[RECORDS FOR THIS EXERCISE — start]

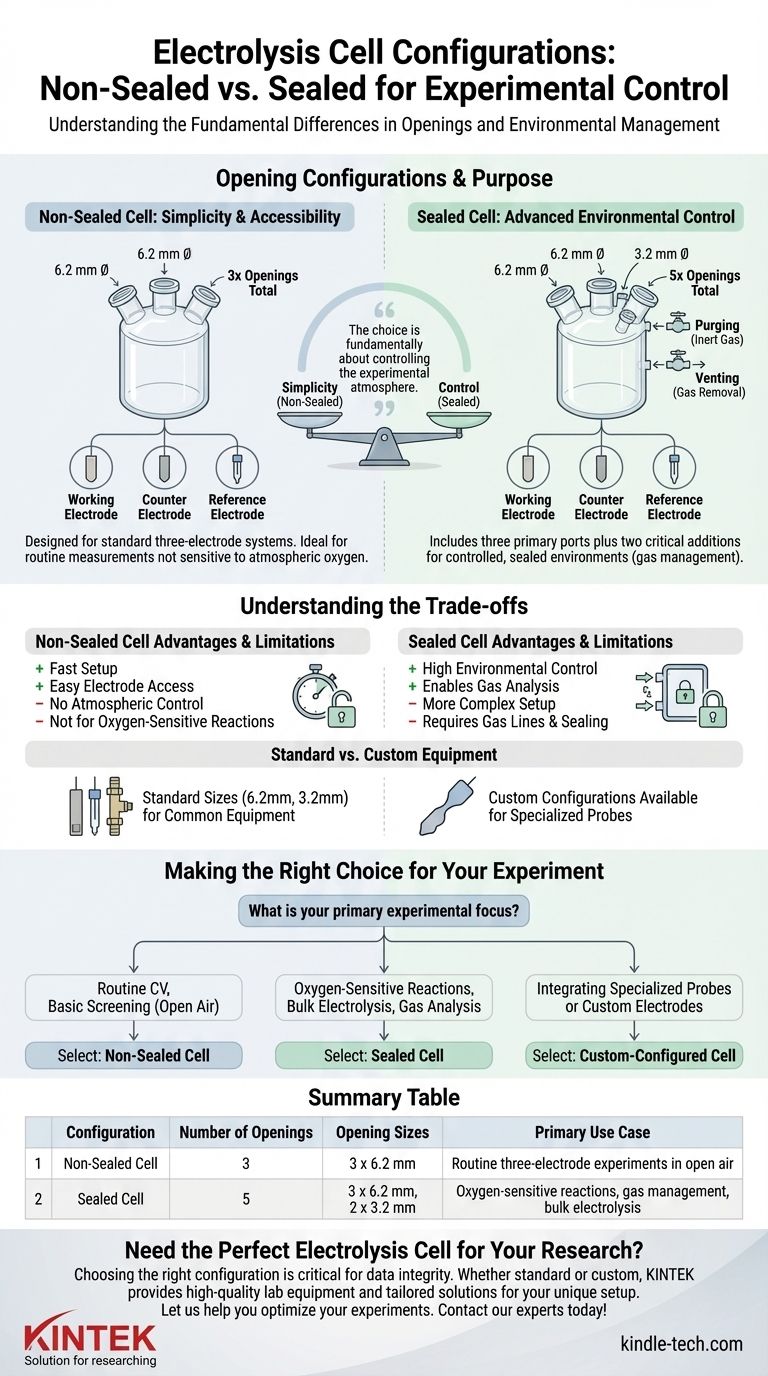 Wie sind die Öffnungskonfigurationen für die nicht-abgedichteten und abgedichteten Versionen der Elektrolysezelle? Optimieren Sie Ihr elektrochemisches Setup Visuelle Anleitung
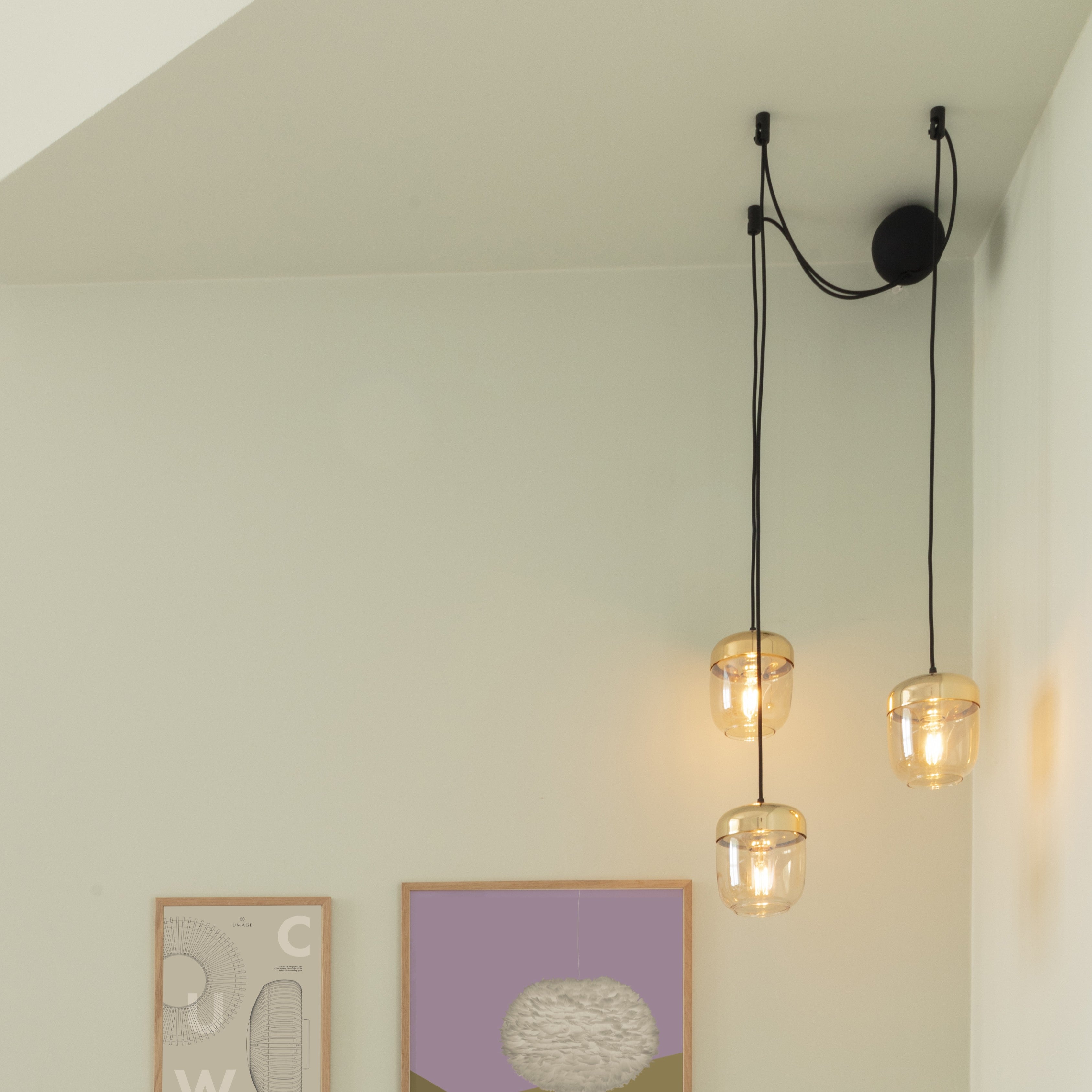 Canonball Cluster 3, baldakin med 3 x ledning og fatning E27, sort • UMAGE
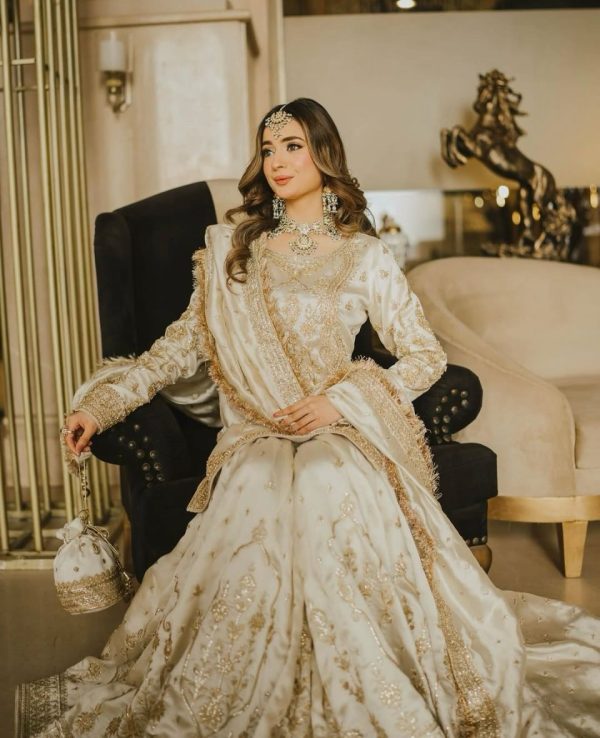 Half White Chinon Silk Embroidery Work Salwar Suit - Image 2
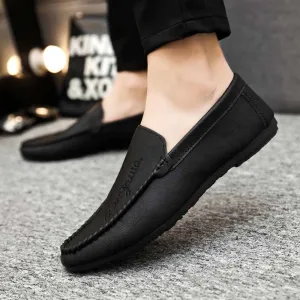 Men Casual Round Toe Letter Design Solid Color PU Leather Slip On Loafers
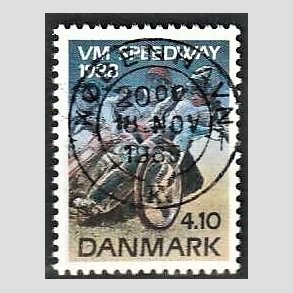 FRIM�RKER DANMARK | 1988 - AFA 914 - WM i Speedway - 4,10 Kr. flerfarvet - Pragt Stemplet Solr�d K�benhavn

[RECORDS FOR THIS EXERCISE — finish]

**EXERCISE INSTRUCTIONS:** Return nothing except the lines from the line with "Canonball Cluster 3, baldakin" through the last line of the records above, copied exactly and without pictures.

**TASK RESULT:**
 Canonball Cluster 3, baldakin med 3 x ledning og fatning E27, sort • UMAGE
 Half White Chinon Silk Embroidery Work Salwar Suit - Image 2
 Men Casual Round Toe Letter Design Solid Color PU Leather Slip On Loafers
 FRIM�RKER DANMARK | 1988 - AFA 914 - WM i Speedway - 4,10 Kr. flerfarvet - Pragt Stemplet Solr�d K�benhavn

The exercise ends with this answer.